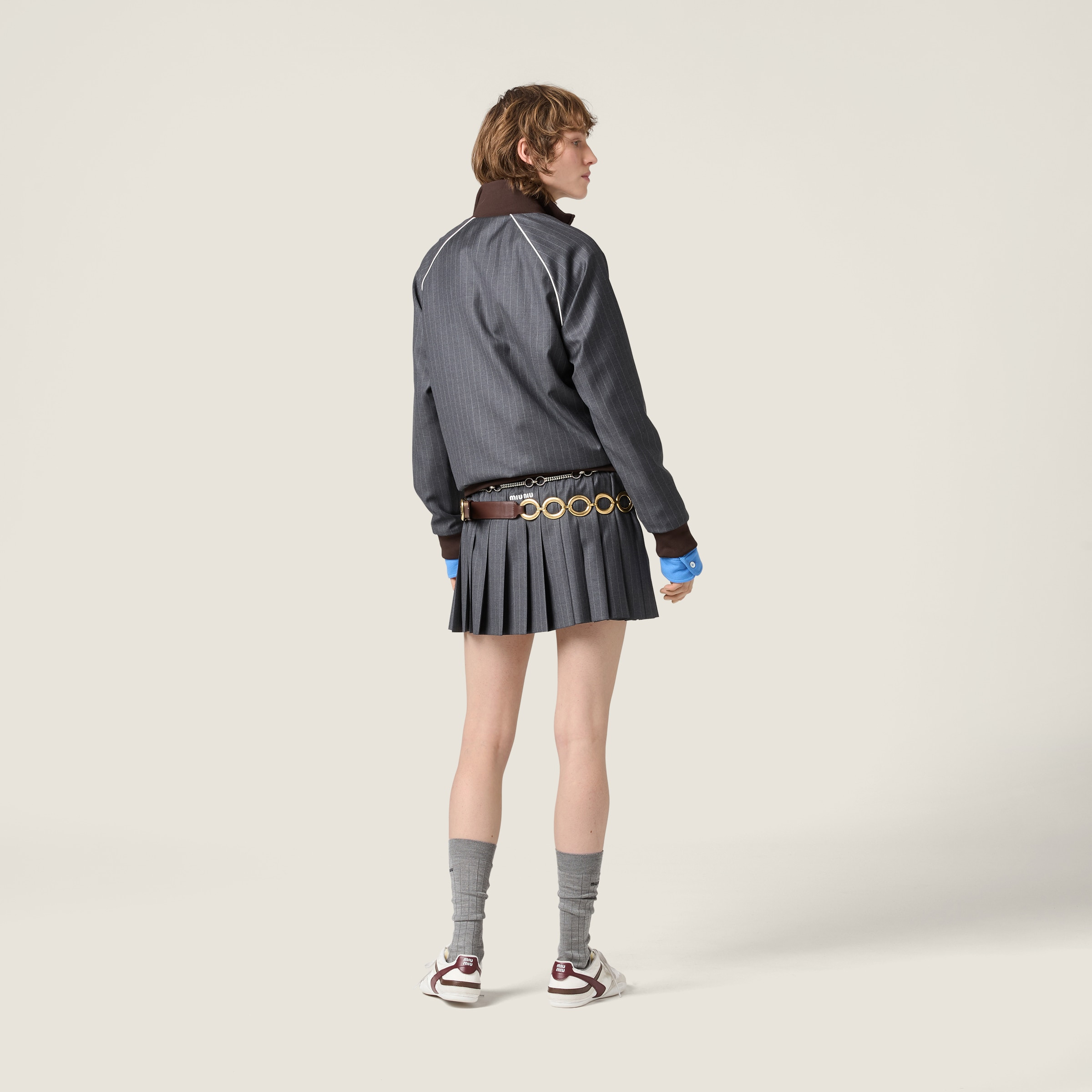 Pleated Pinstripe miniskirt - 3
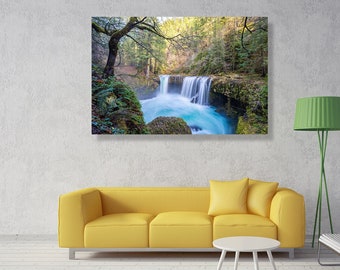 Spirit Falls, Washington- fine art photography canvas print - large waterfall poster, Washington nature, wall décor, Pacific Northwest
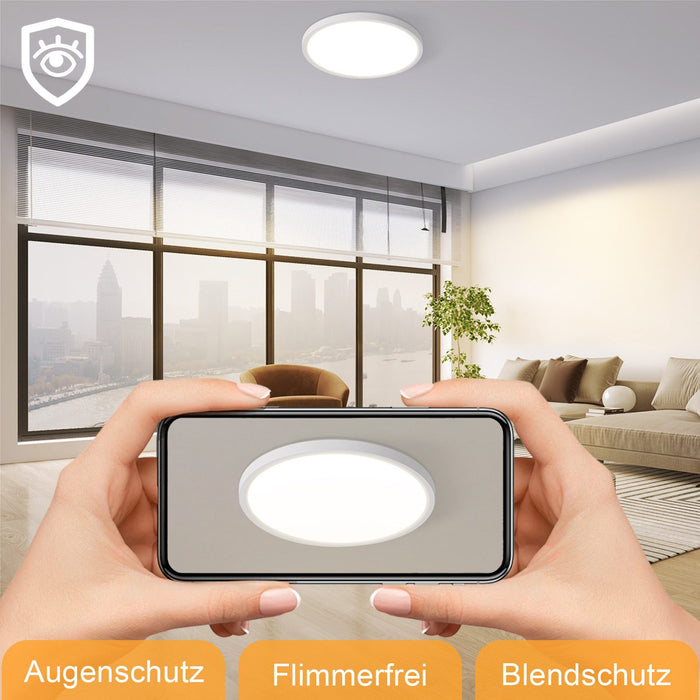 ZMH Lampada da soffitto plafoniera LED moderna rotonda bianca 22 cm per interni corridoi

* * *

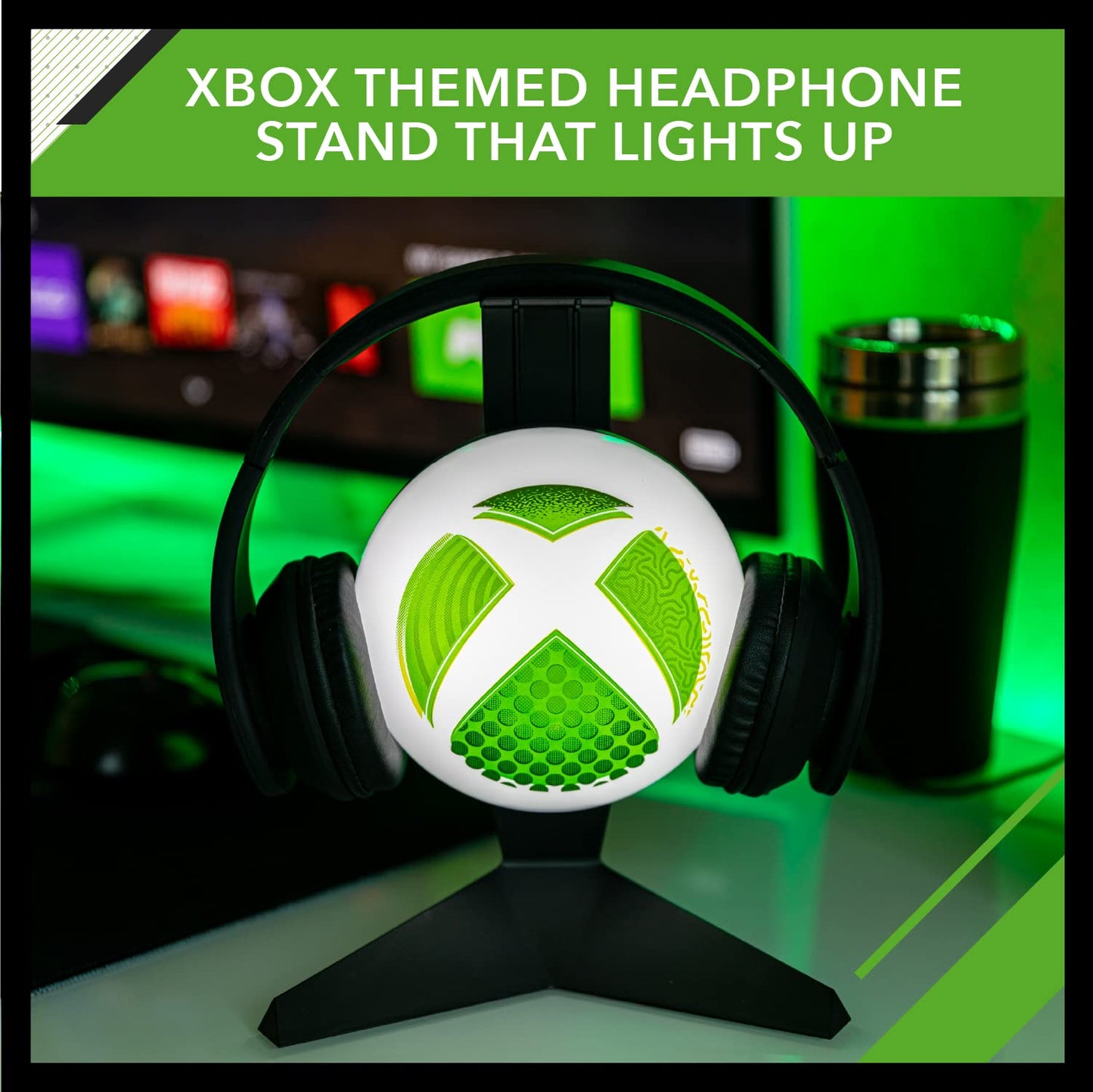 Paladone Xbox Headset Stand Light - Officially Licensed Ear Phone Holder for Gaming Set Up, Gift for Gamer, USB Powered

## [WORK REQUEST]
Reproduce the data above exactly, but only from the line containing "Pleated Pinstripe miniskirt - 3" through the line containing "ZMH Lampada da"; skip the pictures.

## [SOLUTION BELOW]
 Pleated Pinstripe miniskirt - 3
 Spirit Falls, Washington- fine art photography canvas print - large waterfall poster, Washington nature, wall décor, Pacific Northwest
 ZMH Lampada da soffitto plafoniera LED moderna rotonda bianca 22 cm per interni corridoi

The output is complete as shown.